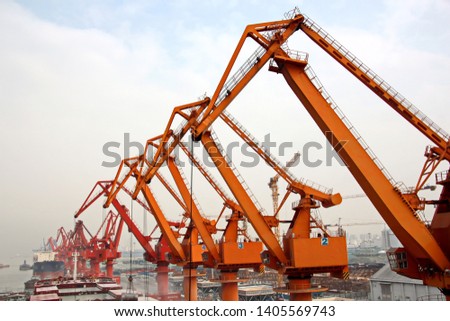 Cargo terminal for unloading grain cargo and containers by shore cranes. Port Guangzhou, China. February, 2019.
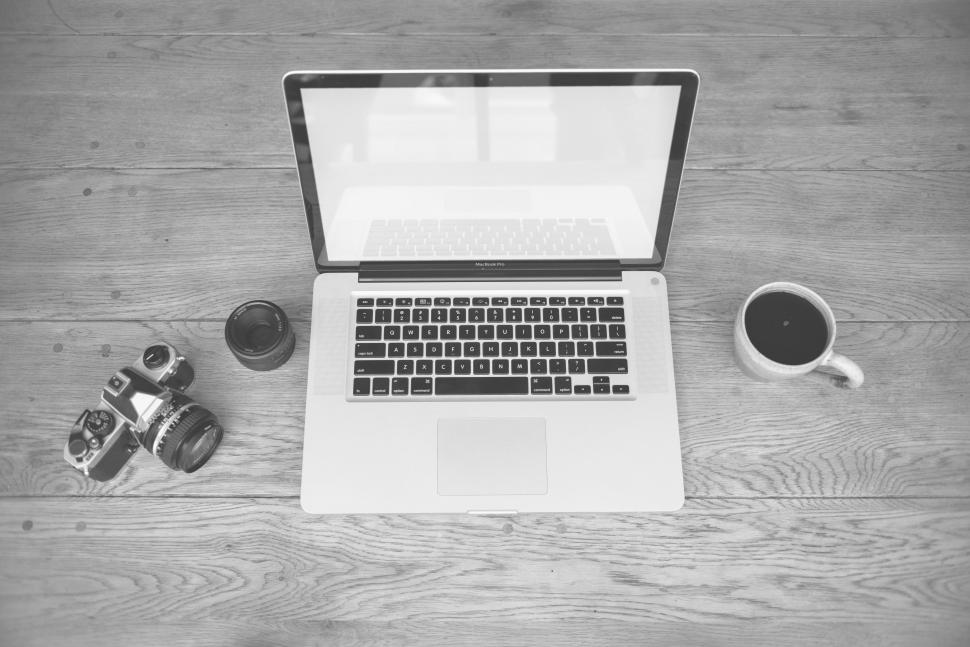 Free Image of SLR camera and open laptop 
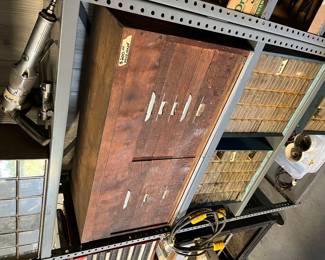 Hand made machines chest, lid lifts up.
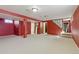 Finished basement with carpet flooring featuring multiple access points and a bright color scheme at 436 Pluto Ct, Lone Tree, CO 80124
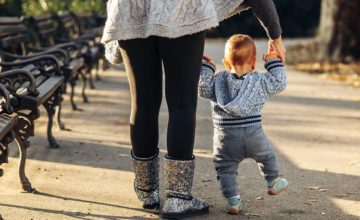 Mother holding toddler's hands as they walk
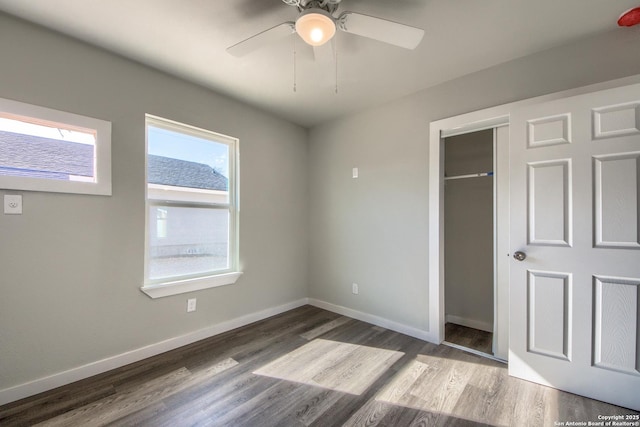 unfurnished bedroom featuring baseboards, ceiling fan, wood finished floors, and a closet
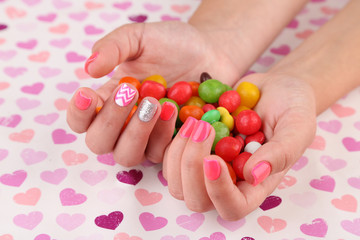 Female hand with stylish colorful nails holding colorful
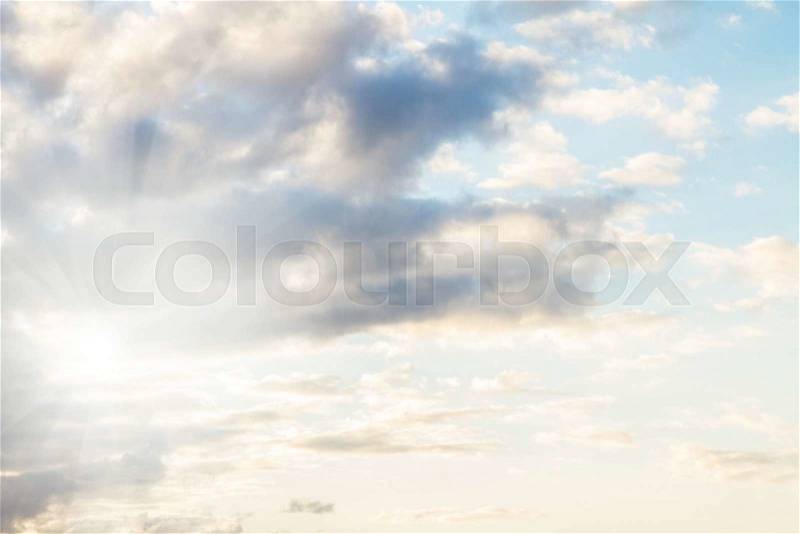 Storm sky with puffy white clouds and sunshine, stock photo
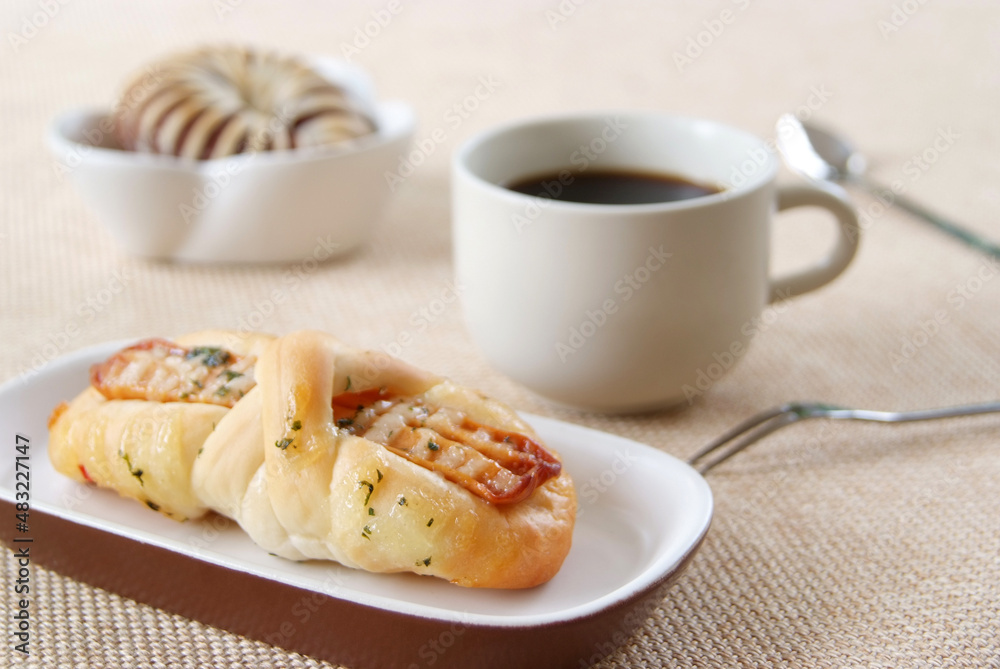 Sausage,Taro bread and cup of coffee Sausage,Taro bread and cup of coffee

- ASSIGNED TASK: Reproduce the lines from the line containing "unfurnished bedroom featuring" through the end of the records above, exactly and inclusively, omitting pictures.

- SOLUTION:
 unfurnished bedroom featuring baseboards, ceiling fan, wood finished floors, and a closet
 Female hand with stylish colorful nails holding colorful
 Storm sky with puffy white clouds and sunshine, stock photo
 Sausage,Taro bread and cup of coffee Sausage,Taro bread and cup of coffee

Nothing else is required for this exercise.